A reconfigurable on-line learning spiking neuromorphic processor comprising 256 neurons and 128K synapses

Affiliations

A reconfigurable on-line learning spiking neuromorphic processor comprising 256 neurons and 128K synapses

Ning Qiao et al. Front Neurosci. .

Abstract

Implementing compact, low-power artificial neural processing systems with real-time on-line learning abilities is still an open challenge. In this paper we present a full-custom mixed-signal VLSI device with neuromorphic learning circuits that emulate the biophysics of real spiking neurons and dynamic synapses for exploring the properties of computational neuroscience models and for building brain-inspired computing systems. The proposed architecture allows the on-chip configuration of a wide range of network connectivities, including recurrent and deep networks, with short-term and long-term plasticity. The device comprises 128 K analog synapse and 256 neuron circuits with biologically plausible dynamics and bi-stable spike-based plasticity mechanisms that endow it with on-line learning abilities. In addition to the analog circuits, the device comprises also asynchronous digital logic circuits for setting different synapse and neuron properties as well as different network configurations.

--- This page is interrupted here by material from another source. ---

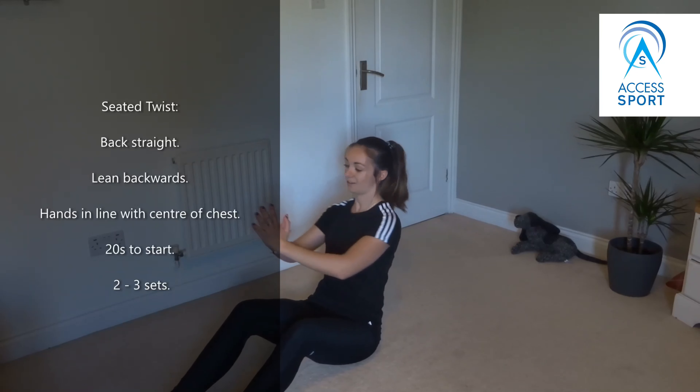With that exercise again I suggest you do 20 seconds to start with and increase the time if you find it easy, and do two to three sets.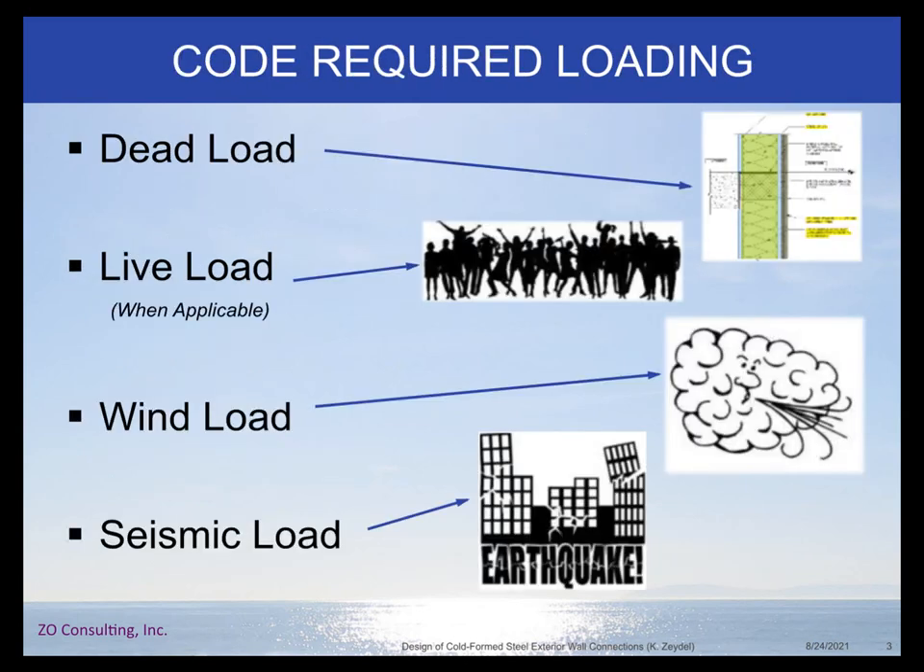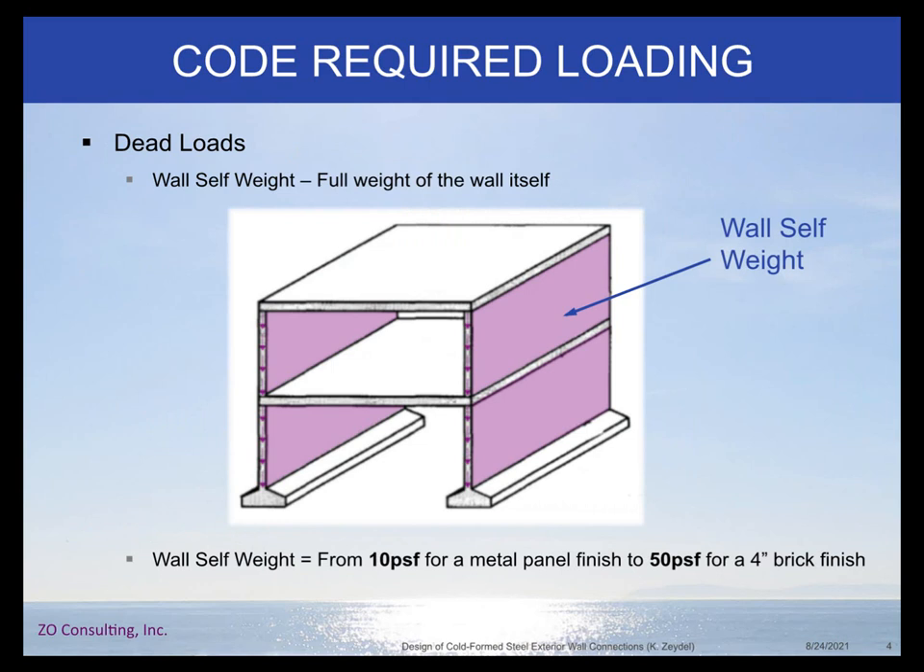Let's start with loading. As with everything else we design as structural engineers, we have dead load, possibly a live load, wind load, and seismic load. Starting with dead load: first, we have the weight of the wall itself, and this can vary significantly. A metal panel finish exterior wall could be 10 pounds per square foot, but four inches of brick could be 50 pounds per square foot — a five times difference in exterior wall design and what your connections need to support.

This prototype device, fabricated using a 180 nm 1P6M CMOS process, occupies an area of 51.4 mm(2), and consumes approximately 4 mW for typical experiments, for example involving attractor networks. Here we describe the details of the overall architecture and of the individual circuits and present experimental results that showcase its potential. By supporting a wide range of cortical-like computational modules comprising plasticity mechanisms, this device will enable the realization of intelligent autonomous systems with on-line learning capabilities.

Keywords: Spike-Timing Dependent Plasticity (STDP); Winner-Take-All (WTA); analog VLSI; asynchronous; attractor network; brain-inspired computing; real-time; spike-based learning.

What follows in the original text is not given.